Era imprenditore artigianale: Legge n.860 del 1956, oggi disciplina abrogata

La piccola impresa (specie agricola e l’impresa artigiana) nel nostro ordinamento del diritto commerciale e societario godono di una copiosissima ed articolatissima legislazione speciale in materia tributaria, lavoristica e creditizia che, spesso e volentieri, cagiona nella mente dell’imprenditore tanti dubbi e disordini.

In un recente passato, la legge n.860 del 1956 era il corpus normativo contenente le norme per la disciplina giuridica delle imprese artigiane e, in base all’articolo 1 della stessa si leggeva che “E’ artigiana, a tutti gli effetti di legge, l’impresa che risponde ai seguenti requisiti fondamentali: a) che abbia per scopo la produzione di beni o la prestazione di servizi, di natura artistica od usuale; b) che sia organizzata ed operi con il lavoro professionale, anche manuale, del suo titolare e, eventualmente, con quello dei suoi familiari; c) che il titolare abbia la piena responsabilita’ dell’azienda e assuma tutti gli oneri e i rischi inerenti alla sua direzione ed alla sua gestione. La qualifica artigiana di un’impresa e’ comprovata dall’iscrizione nell’albo di cui all’art. 9. Non costituisce ostacolo per il riconoscimento della qualita’ artigiana dell’impresa la circostanza che la stessa adoperi macchinari ed utilizzi fonti di energia. Essa puo’ svolgere la sua attivita’, purche’ non in contrasto con le leggi sul lavoro, in luogo fisso, presso l’abitazione del suo titolare o in apposita bottega o in altra sede designata dal committente, oppure in forma ambulante o di posteggio, quale che sia il sistema della remunerazione”.

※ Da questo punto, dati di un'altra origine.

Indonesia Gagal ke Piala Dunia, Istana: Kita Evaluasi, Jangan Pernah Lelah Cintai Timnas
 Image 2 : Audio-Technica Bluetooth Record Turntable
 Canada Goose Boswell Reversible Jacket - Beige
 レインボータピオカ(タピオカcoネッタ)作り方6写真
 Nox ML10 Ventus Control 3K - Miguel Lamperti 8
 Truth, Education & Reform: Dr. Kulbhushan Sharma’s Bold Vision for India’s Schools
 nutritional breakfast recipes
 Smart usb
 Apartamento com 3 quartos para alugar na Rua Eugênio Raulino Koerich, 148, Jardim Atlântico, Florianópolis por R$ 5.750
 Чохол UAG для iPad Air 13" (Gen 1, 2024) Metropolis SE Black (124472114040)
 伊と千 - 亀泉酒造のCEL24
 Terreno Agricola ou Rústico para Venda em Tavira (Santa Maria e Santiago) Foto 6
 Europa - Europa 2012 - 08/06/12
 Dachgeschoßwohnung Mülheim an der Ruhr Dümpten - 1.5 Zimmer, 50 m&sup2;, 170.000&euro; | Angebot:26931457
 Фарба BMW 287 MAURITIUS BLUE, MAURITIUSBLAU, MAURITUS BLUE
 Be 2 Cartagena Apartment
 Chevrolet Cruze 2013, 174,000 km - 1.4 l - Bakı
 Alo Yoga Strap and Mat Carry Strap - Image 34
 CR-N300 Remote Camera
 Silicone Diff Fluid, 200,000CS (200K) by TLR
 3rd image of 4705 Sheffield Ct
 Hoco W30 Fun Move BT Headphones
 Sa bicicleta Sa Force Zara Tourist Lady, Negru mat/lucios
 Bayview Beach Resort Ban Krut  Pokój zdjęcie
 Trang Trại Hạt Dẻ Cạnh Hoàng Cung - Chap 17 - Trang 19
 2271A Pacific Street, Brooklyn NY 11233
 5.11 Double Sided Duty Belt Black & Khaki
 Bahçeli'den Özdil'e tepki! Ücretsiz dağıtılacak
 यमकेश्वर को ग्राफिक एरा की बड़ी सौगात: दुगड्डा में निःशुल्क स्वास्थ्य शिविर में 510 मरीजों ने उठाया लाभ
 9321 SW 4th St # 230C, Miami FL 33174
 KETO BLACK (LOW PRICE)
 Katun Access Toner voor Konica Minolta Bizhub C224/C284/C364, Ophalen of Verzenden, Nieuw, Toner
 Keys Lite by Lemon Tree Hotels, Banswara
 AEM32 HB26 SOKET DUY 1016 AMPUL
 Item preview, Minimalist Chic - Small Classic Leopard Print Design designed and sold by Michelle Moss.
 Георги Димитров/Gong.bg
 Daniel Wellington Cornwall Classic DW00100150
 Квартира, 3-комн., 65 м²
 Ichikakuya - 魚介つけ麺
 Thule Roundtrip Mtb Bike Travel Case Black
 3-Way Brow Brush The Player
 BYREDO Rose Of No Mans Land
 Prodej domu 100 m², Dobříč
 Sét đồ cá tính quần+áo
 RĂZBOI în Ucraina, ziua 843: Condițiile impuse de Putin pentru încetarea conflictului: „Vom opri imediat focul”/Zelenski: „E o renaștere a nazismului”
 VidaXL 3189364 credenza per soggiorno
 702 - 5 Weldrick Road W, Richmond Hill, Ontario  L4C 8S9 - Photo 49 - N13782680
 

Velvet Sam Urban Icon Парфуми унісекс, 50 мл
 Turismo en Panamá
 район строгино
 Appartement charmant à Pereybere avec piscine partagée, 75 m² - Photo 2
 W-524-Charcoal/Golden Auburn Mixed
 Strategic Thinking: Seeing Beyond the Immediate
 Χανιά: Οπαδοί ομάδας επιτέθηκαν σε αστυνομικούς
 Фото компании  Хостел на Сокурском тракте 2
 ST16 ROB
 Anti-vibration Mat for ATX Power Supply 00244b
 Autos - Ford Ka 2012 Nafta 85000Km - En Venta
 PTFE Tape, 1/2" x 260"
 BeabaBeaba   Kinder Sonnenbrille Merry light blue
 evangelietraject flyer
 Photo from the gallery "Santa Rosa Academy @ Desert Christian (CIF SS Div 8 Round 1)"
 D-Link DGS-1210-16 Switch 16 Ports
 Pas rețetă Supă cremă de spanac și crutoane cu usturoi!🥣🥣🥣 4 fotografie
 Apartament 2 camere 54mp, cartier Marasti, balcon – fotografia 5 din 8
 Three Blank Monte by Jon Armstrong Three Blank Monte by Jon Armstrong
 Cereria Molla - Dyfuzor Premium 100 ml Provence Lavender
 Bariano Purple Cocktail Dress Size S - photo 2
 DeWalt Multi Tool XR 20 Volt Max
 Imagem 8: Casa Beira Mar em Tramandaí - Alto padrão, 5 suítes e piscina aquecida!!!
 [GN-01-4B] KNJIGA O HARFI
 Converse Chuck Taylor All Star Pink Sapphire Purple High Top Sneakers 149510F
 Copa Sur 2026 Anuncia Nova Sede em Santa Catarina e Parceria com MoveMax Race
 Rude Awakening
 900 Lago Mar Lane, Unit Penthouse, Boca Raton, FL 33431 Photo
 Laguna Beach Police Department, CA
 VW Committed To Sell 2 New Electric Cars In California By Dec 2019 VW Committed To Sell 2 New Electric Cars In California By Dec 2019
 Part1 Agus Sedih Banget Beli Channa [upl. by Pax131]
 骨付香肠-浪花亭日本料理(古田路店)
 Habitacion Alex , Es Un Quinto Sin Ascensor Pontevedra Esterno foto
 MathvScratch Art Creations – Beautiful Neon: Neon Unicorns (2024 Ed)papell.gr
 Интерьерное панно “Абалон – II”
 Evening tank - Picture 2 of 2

In pratica l’impresa che rispondeva ai “requisiti fondamentali” fissati dalla Legge n.860 del 1956 all’articolo 1 era da considerarsi artigiana “a tutti gli effetti di legge e, quindi, anche agli effetti civili e fallimentari. Dunque, il dato caratterizzante dell’impresa artigiana risiedeva nella natura “artistica o usuale” dei beni o servizi prodotti e non nella prevalenza del lavoro familiare nel processo produttivo. Rispettati i limiti per il personale dipendente fissati per talune attività artigianali, l’impresa doveva ritenersi artigiana e sottratta al fallimento anche quando, per gli ingenti investimenti di capitali e la manodopera impiegata non era rispettato il criterio della prevalenza.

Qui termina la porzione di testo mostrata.